SUPPLIED RECORDS START

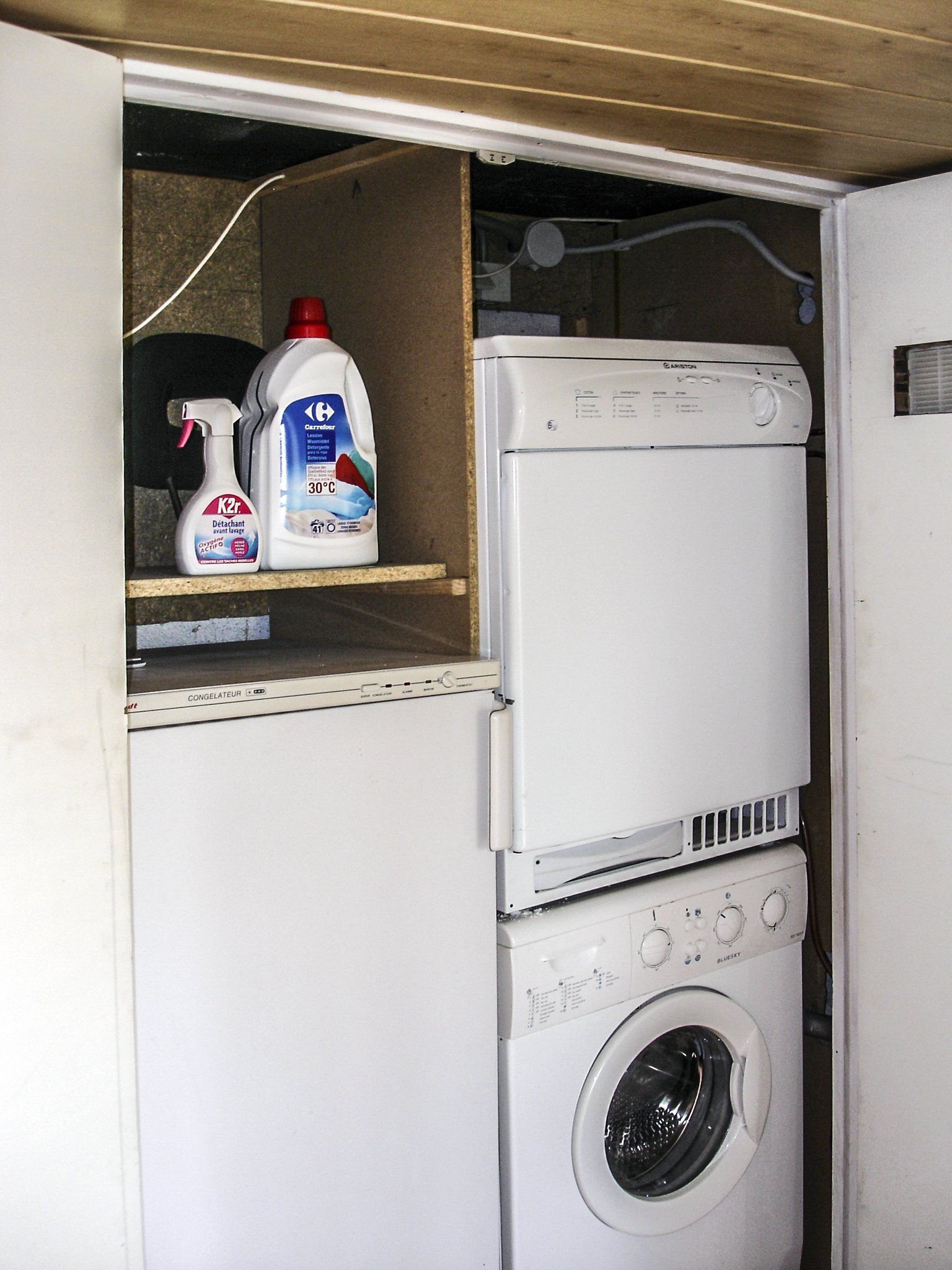 Louer une maison équipée d'une laverie gratuite.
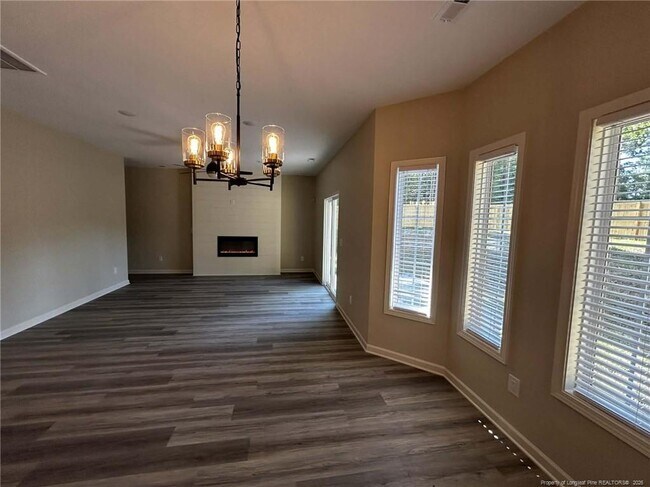 Building Photo - 7001 Summerlin Dr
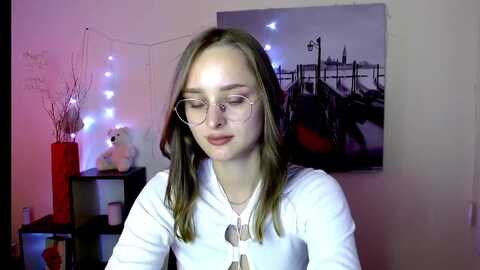 alis_saa @ myfreecams on 20230928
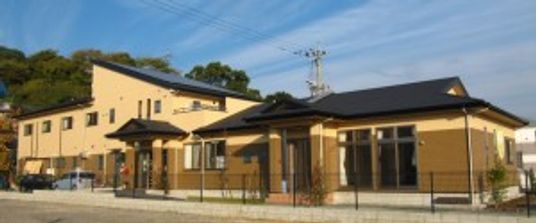 落ち着いた雰囲気の建物
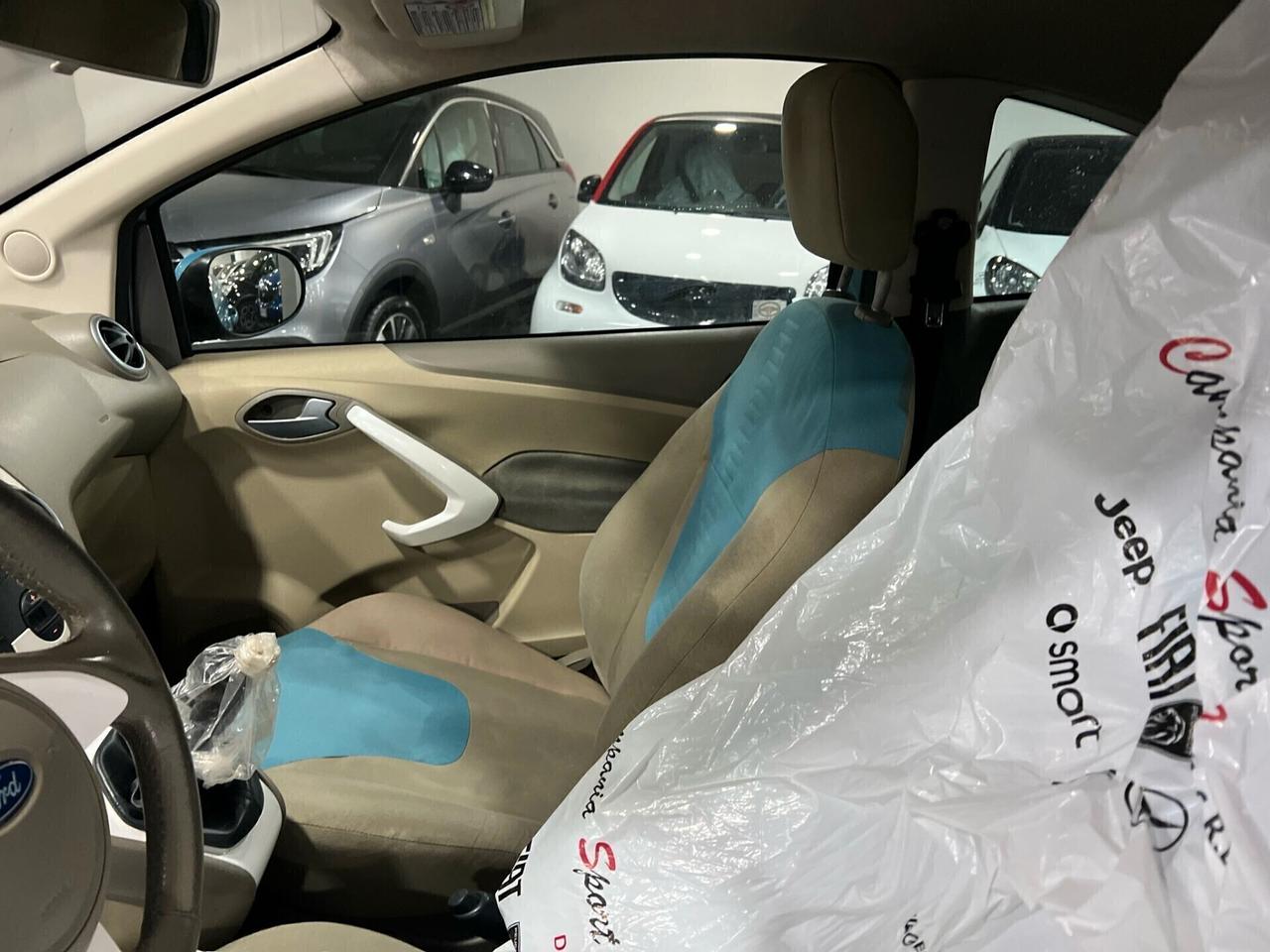 NUOVA FORD KA TITANIUM 1.2 BENZ 70CV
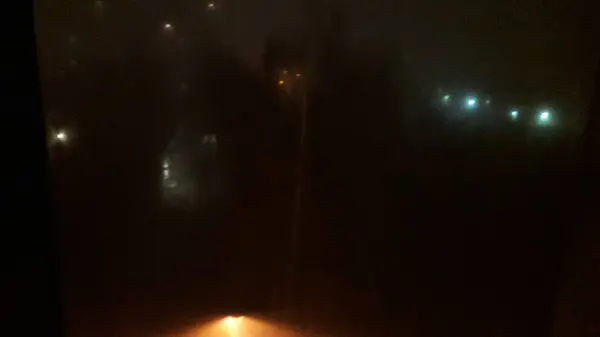 Kiew, Ukraine - 17. Januar 2020: Smog und Nebel in der Stadt um 22 Uhr — Stockfoto
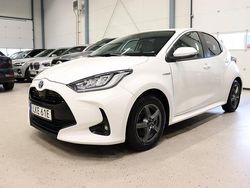 Vit Begagnad 2021 Toyota Yaris Hybrid Active Halvkombi | 184 900 kr (Marknadspris)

SUPPLIED RECORDS END

**WHAT TO DO:**
In the records, the line containing "落ち着いた雰囲気の建物" starts the span and the final line ends it. Output exactly that span, both ends included, with no pictures and nothing else.

**EXERCISE RESPONSE:**
 落ち着いた雰囲気の建物
 NUOVA FORD KA TITANIUM 1.2 BENZ 70CV
 Kiew, Ukraine - 17. Januar 2020: Smog und Nebel in der Stadt um 22 Uhr — Stockfoto
 Vit Begagnad 2021 Toyota Yaris Hybrid Active Halvkombi | 184 900 kr (Marknadspris)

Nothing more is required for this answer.